# Wie wichtig ist die Reaktionszeit?! Was kann man verkraften?



## Phillip_Sparky (3. Mai 2015)

Abend Leuts,

da ich vorhabe mir demnächst einen oder zwei neue Monitore zu kaufen, wollte ich mal wissen was für eine Reaktionszeit man maximal bei einem Monitor "annehmen" kann für Spiele wie Assetto Corsa, Project Cars und iRacing. Im allgemeinen sollen also Rennspiele und mal vereinzelt Shooter gespielt werden.

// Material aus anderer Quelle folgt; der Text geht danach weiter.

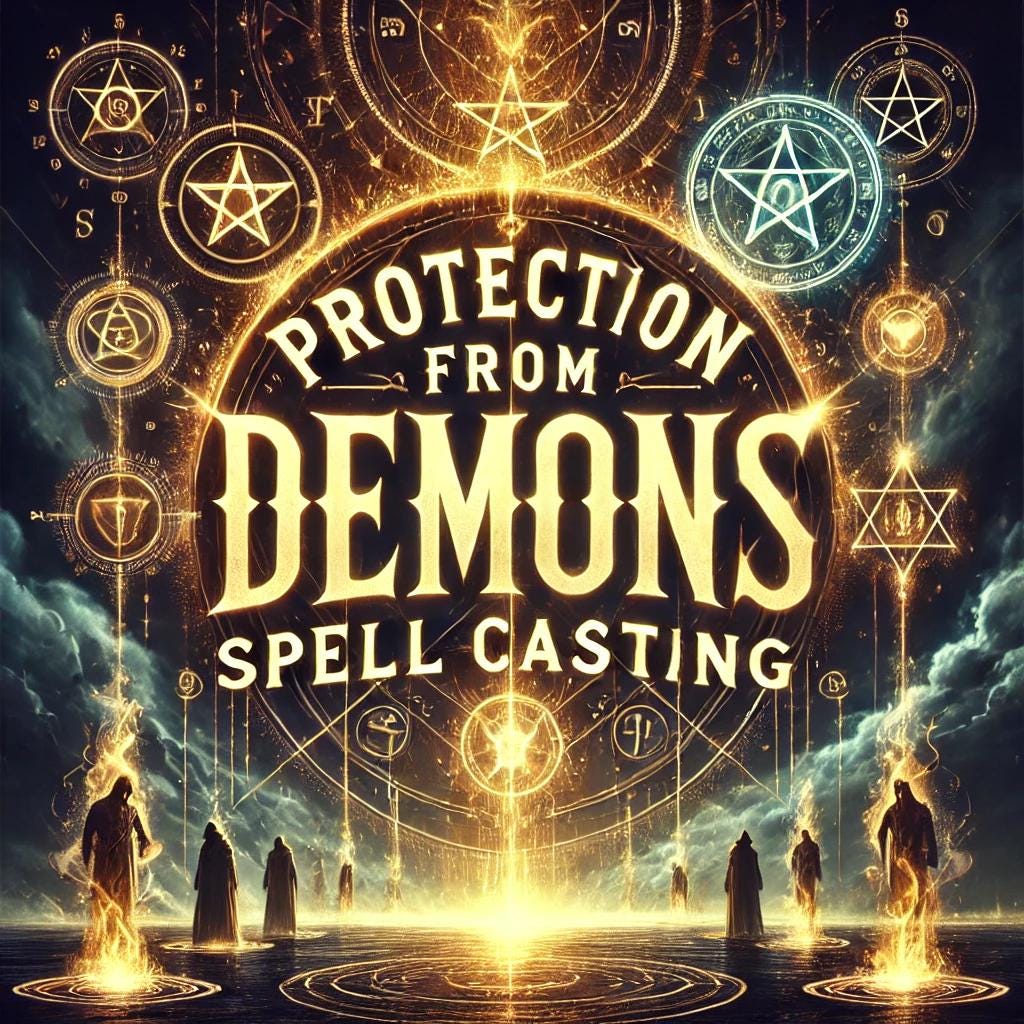 Powerful Protection From Demons Spell Casting – Spiritual Shield From Evil Spirits, Powerful Demon Banishing, Ghost Chaser Spell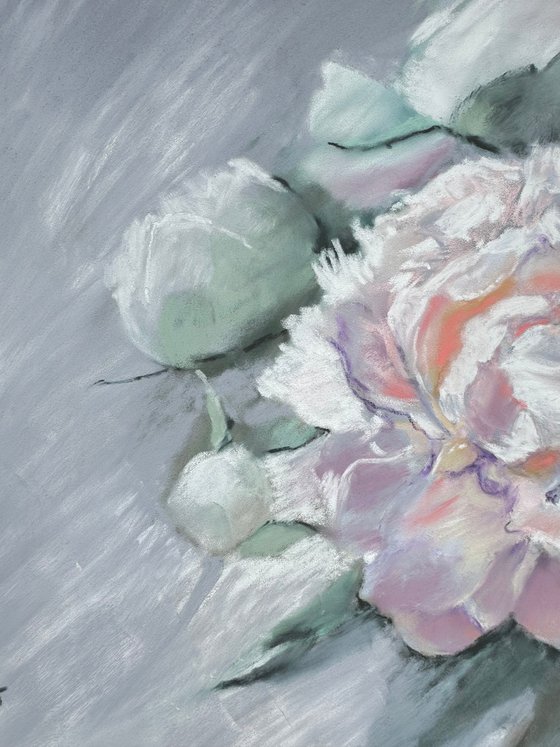 Floral: White Peony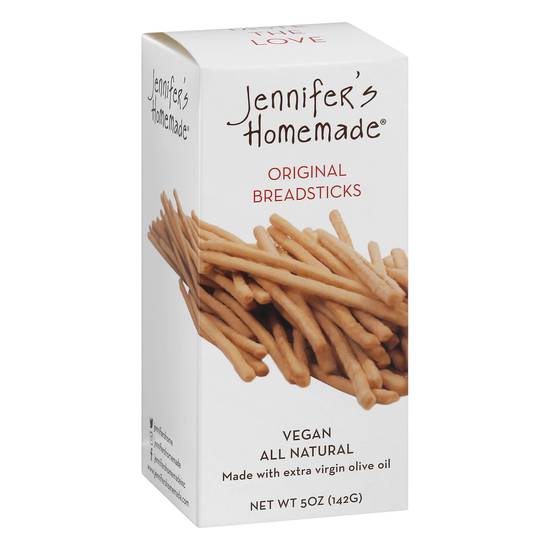 Jennifer's Homemade Original Breadsticks Vegan All Natural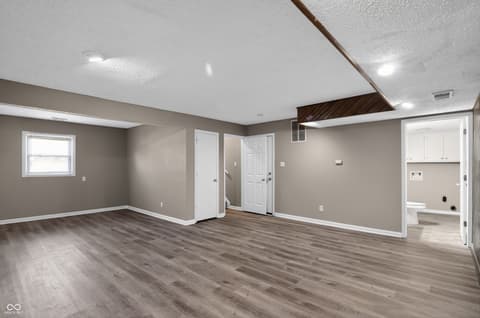 Basement at 607 Rahkewood Drive, Indianapolis, IN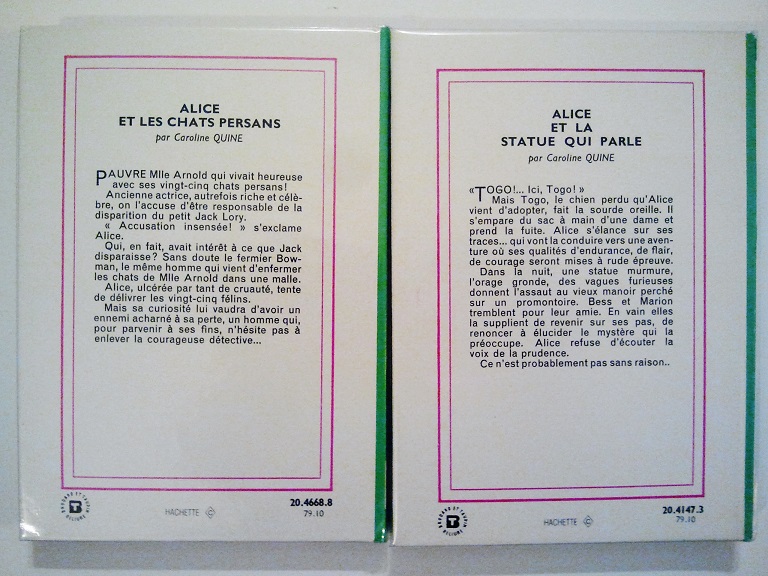 Les anciennes éditions de la série Alice. - Page 6 329182m006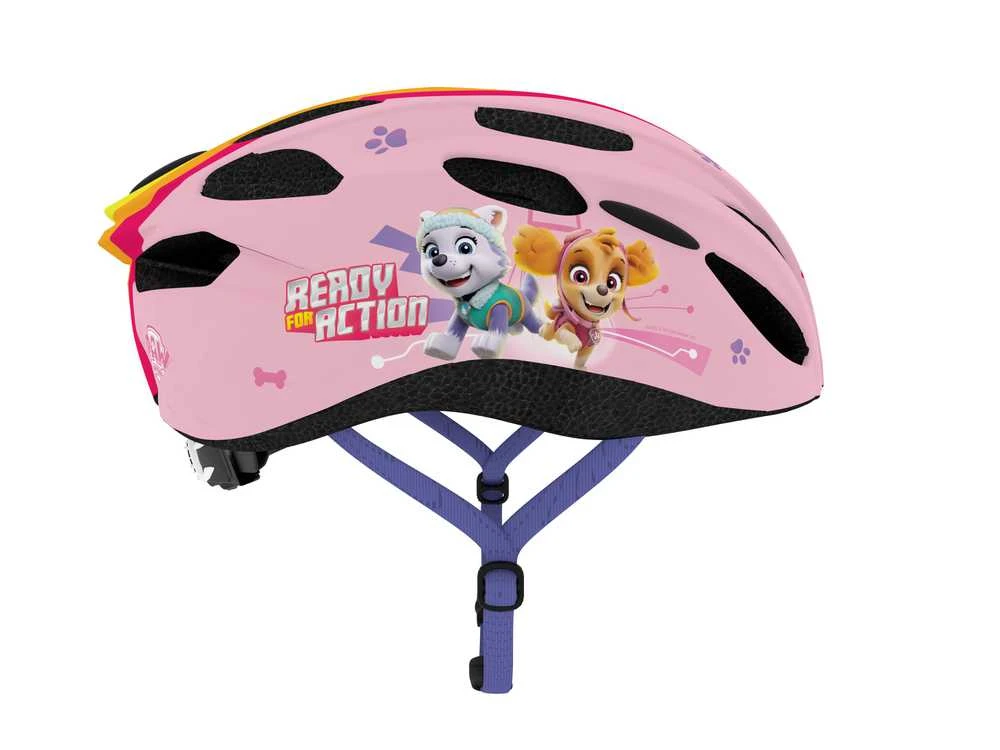 Spin Master Ķivere velobraukšanai bērniem Paw Patrol, rozā krās., 52-56 cm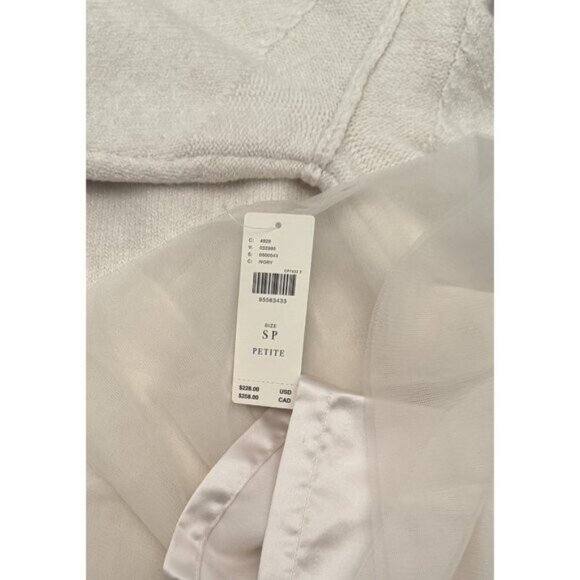 NWT Size SP -Anthro Long-Sleeve Turtleneck Tulle Twofer Mini Dress (NWT US$ 228) - Picture 9 of 16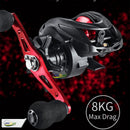 Carretilha de Pesca ACUSTIC 2.000 com Corpo em Grafite Velocidade de Recolhimento 7.2:1 Capacidade de arrasto de 8kg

Ich habe an so ca. 40Zoll Bildschirm diagonale gedacht. Also kann da wahrscheinlich kein Monitor mehr in frage kommen.


----------



## Atent123 (3. Mai 2015)

https://geizhals.de/philips-bdm4065uc-bdm4065uc-00-a1201936.html?hloc=at&hloc=de


----------



## Phillip_Sparky (3. Mai 2015)

Atent123 schrieb:


> https://geizhals.de/philips-bdm4065uc-bdm4065uc-00-a1201936.html?hloc=at&hloc=de



Sind 8.5ms Reaktionszeit nicht zu viel? Habe aktuell einen Monitor mit 1ms Reaktionszeit. Deshalb kommt mir das gerade sehr viel vor.


----------



## Atent123 (3. Mai 2015)

Die Reaktionszeitangaben vom Hersteller taugen nix die sind wayne.


----------



## Phillip_Sparky (3. Mai 2015)

Atent123 schrieb:


> Die Reaktionszeitangaben vom Hersteller taugen nix die sind wayne.



Okay 

Dann noch eine Frage zu deinem Link. Warum gerade der Fernsehr? gibt ja leider sehr viel an auswahl...


----------



## SamLombardo (3. Mai 2015)

Weil das ein Monitor ist und kein Fernseher. Wohl gemerkt der einzige Monitor in der Größe. Die Reaktionszeit ist für ein VA Panel sehr gut. Wenn man kein Wettkampf - Multiplayerspieler ist ist der Bildschirm füs Spiele Top! Schau dich mal im Netz um, gibt einige Tests davon.


----------



## Phillip_Sparky (3. Mai 2015)

SamLombardo schrieb:


> Weil das ein Monitor ist und kein Fernseher. Wohl gemerkt der einzige Monitor in der Größe. Die Reaktionszeit ist für ein VA Panel sehr gut. Wenn man kein Wettkampf - Multiplayerspieler ist ist der Bildschirm füs Spiele Top! Schau dich mal im Netz um, gibt einige Tests davon.



Okay, ich schau mir den mal an


----------